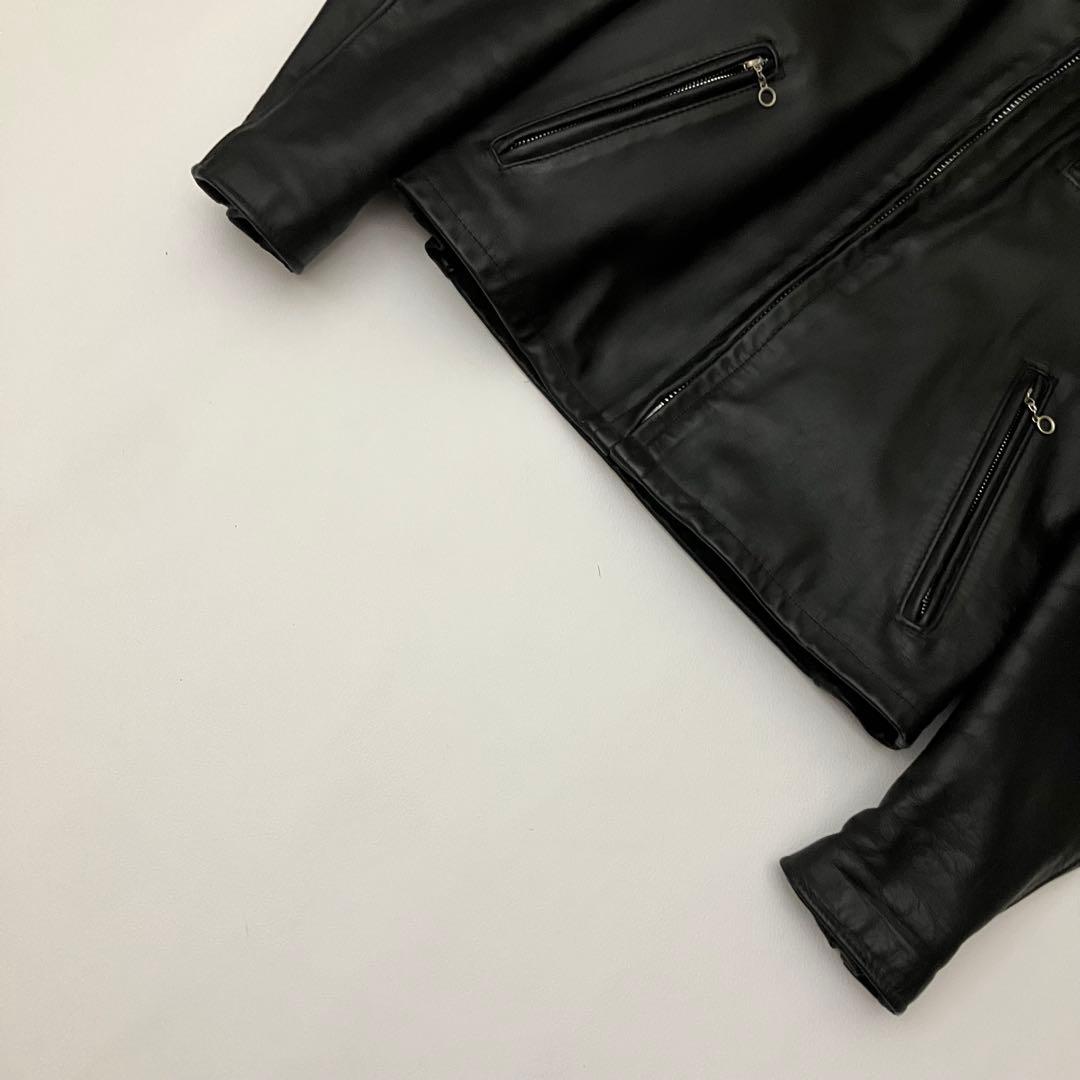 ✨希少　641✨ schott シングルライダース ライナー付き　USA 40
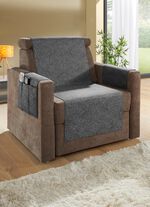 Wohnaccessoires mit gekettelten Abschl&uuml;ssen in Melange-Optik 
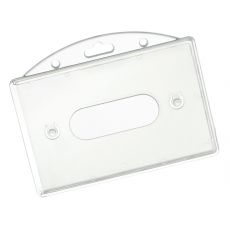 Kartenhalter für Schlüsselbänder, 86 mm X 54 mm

***

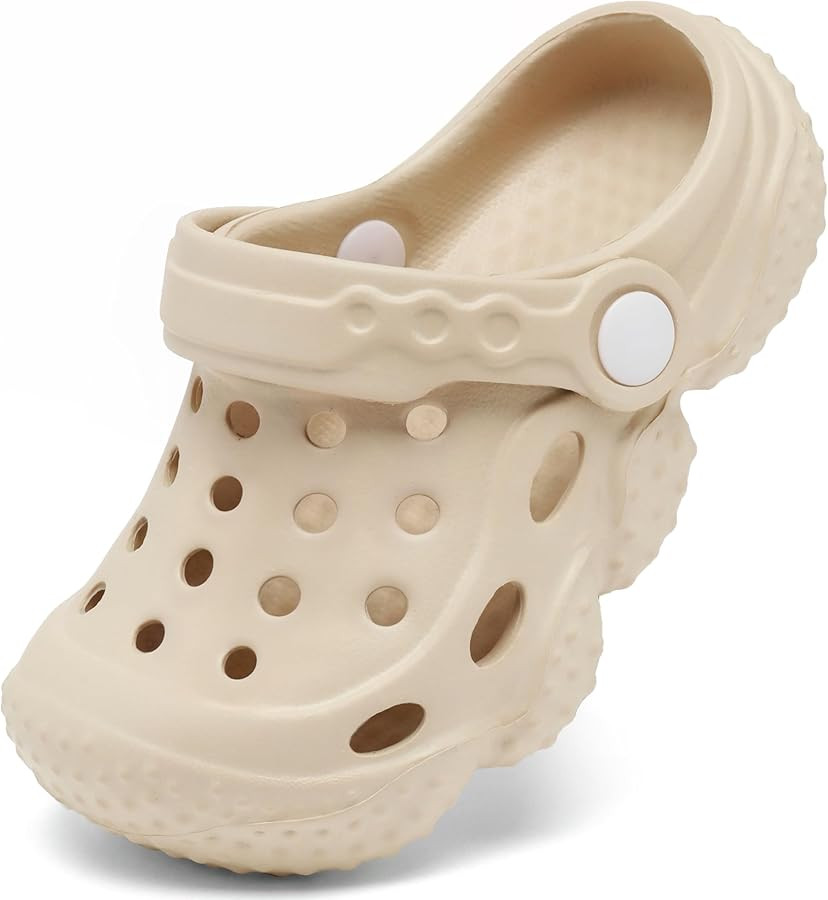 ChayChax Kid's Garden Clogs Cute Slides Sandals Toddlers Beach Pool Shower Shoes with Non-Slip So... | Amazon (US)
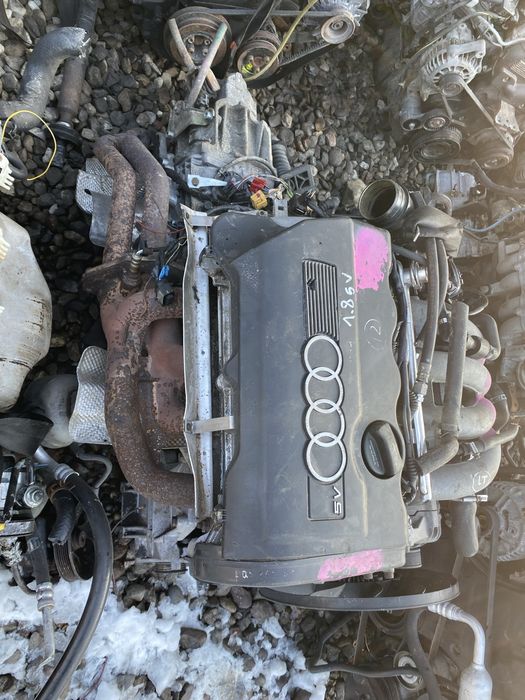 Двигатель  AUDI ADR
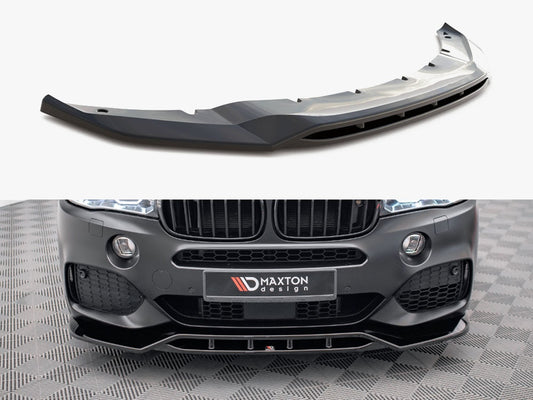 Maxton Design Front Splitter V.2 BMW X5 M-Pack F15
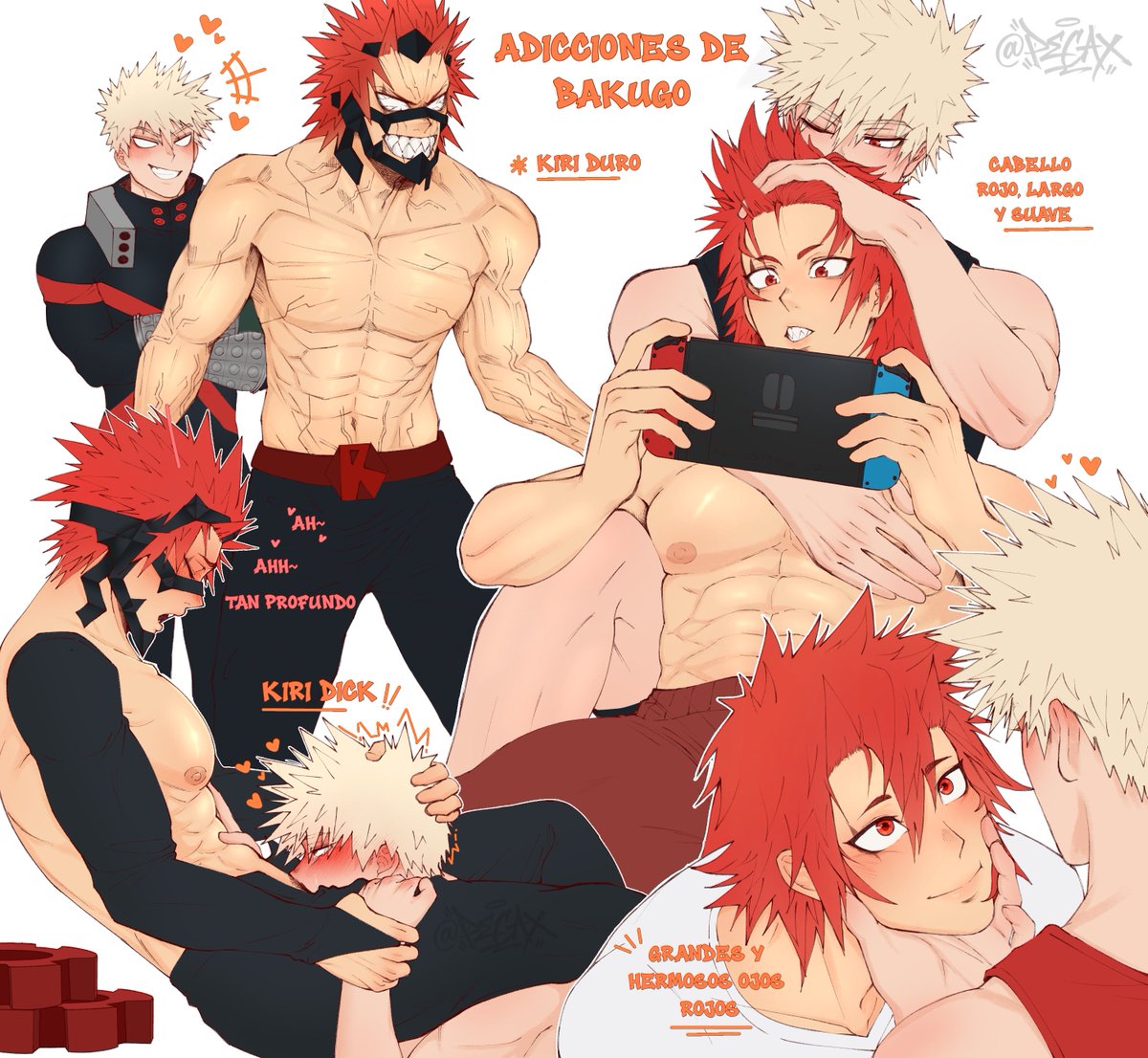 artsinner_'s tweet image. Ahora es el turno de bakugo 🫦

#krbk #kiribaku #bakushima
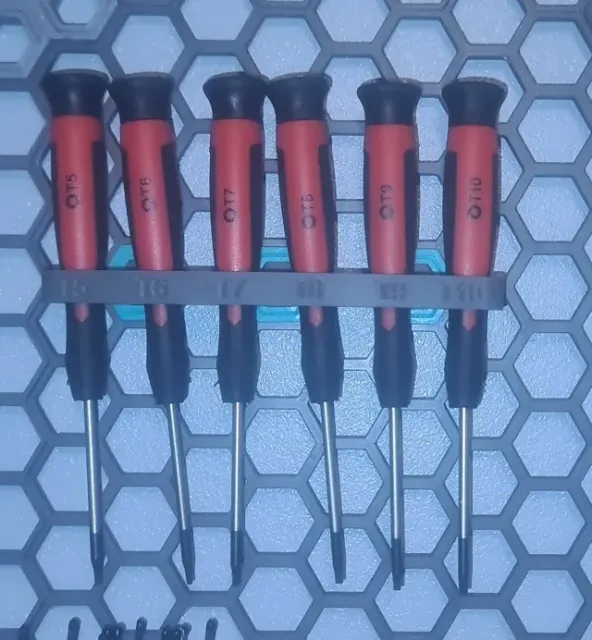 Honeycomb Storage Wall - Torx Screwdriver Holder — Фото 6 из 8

***

Goal of the exercise => Nothing but the lines from the one with "artsinner_'s tweet image." up to and including the one with "Honeycomb Storage Wall" should be printed, exactly as they read above. Please keep the pictures out.

Your response =>
 artsinner_'s tweet image. Ahora es el turno de bakugo 🫦

#krbk #kiribaku #bakushima
 Honeycomb Storage Wall - Torx Screwdriver Holder — Фото 6 из 8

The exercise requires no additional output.